12.20.2020 10:40 AM

The dark despair of the Covid winter

From today’s New York Times. Amazing writing and perspective, here and some below:

For generations, as the days darkened and the blizzards came, the Anishinaabe people warned of the Windigo.

He is the monster of winter, dripping with ice and white with snow, and he is starving, said Robin Wall Kimmerer, a member of the Citizen Potawatomi Nation, as she remembered the story of her ancestors. He is a human turned cannibal. His hunger is never satiated, and it endangers everyone around him. He thinks only of himself.

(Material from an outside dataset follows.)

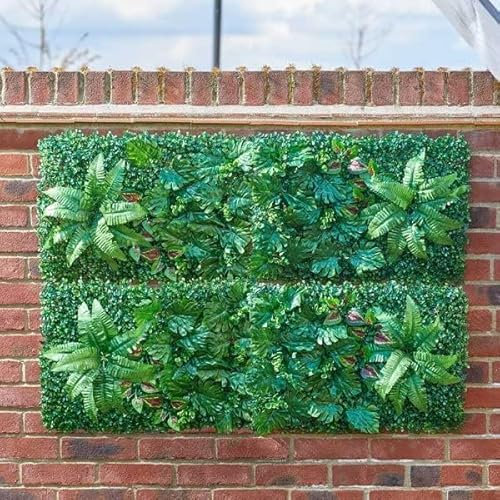 Garden Mile 4pc Artificial Plant Flower Living Wall Panels Realistic Fern Plant Wall Panels Privacy Living Wall Fence Screening Home Garden Spring Leaf Backdrop for Indoor or Outdoor 60 x 40 cm
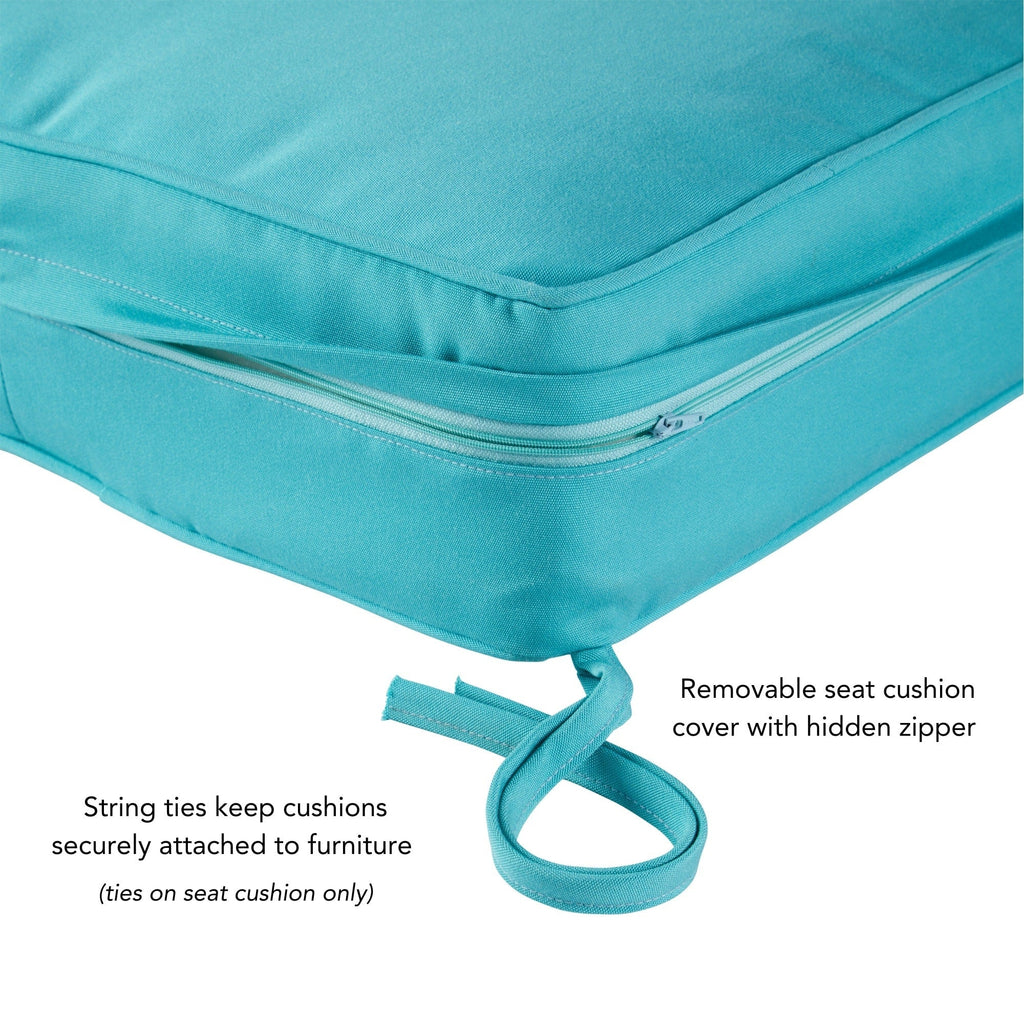 Ensemble de deux coussins d'extérieur haut de gamme Sunbrella pour assise profonde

In winter, a time of scarcity, she went on, he is a cautionary tale to remember the good of the community, beyond the self. Winter is known as the hungry time, the dangerous time, she said, and people counted their age not by years but by how many winters they have survived — that man has 70 winters, this woman has 16. They wintered in small family groups, not villages, to spread out the demand on the land.

This winter, as the coronavirus pandemic consumes the country, it is as though we are reliving the unbuffered winters of our ancestors, she said.

“In wintertime, all life is on that knife edge between life and death,” said Dr. Kimmerer, the director of the Center for Native Peoples and the Environment at the SUNY College of Environmental Science and Forestry. “Winter is a teacher of vulnerability.”

This year a raw and unbridled winter has descended. Its darkness is literal, with the coming of the solstice on Monday, and it is metaphorical, with the catastrophic toll of Covid-19, as each day the number of dead grows steadily. Across countries, the arrival of winter has filled people with fear and dread for what is to come.